Short descriptive text snippets >>
--------------------------------------------------
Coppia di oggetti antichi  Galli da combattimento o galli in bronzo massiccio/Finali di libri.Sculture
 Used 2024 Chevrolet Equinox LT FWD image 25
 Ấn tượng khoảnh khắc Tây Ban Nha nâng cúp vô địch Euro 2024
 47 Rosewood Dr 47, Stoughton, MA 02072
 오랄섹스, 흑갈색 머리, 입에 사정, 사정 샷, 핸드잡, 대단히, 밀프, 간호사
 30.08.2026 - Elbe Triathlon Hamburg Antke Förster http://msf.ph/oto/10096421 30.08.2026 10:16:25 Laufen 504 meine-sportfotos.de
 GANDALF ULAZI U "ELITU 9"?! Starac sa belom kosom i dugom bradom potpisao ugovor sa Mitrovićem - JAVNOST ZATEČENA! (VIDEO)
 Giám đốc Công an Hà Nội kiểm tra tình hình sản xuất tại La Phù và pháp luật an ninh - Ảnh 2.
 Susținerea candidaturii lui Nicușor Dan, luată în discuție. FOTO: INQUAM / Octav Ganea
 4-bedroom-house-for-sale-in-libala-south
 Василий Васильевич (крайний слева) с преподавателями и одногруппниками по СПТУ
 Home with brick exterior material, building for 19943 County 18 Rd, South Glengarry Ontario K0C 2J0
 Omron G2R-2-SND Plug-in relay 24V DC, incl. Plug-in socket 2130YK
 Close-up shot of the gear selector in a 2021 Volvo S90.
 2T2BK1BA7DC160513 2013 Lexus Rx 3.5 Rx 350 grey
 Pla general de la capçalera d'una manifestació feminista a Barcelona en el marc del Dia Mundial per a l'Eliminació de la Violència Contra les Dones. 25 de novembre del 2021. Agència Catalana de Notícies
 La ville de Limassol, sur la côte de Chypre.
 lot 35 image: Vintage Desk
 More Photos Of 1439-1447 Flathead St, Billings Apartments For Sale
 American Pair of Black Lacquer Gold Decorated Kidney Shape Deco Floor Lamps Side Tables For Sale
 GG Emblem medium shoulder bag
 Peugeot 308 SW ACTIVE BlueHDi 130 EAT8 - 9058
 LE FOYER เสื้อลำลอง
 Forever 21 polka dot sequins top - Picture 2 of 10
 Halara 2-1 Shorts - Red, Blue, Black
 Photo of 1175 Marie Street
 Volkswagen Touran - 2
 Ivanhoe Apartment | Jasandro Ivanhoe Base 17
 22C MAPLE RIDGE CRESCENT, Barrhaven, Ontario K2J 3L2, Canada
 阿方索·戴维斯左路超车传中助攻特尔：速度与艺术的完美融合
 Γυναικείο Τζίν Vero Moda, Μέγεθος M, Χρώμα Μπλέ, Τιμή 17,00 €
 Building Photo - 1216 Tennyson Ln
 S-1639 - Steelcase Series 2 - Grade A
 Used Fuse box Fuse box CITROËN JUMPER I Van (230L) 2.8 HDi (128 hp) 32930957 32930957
--------------------------------------------------
To do >> If a line in the data above holds the string "Used", report that line.

Response to this exercise >>
 Used 2024 Chevrolet Equinox LT FWD image 25
 Used Fuse box Fuse box CITROËN JUMPER I Van (230L) 2.8 HDi (128 hp) 32930957 32930957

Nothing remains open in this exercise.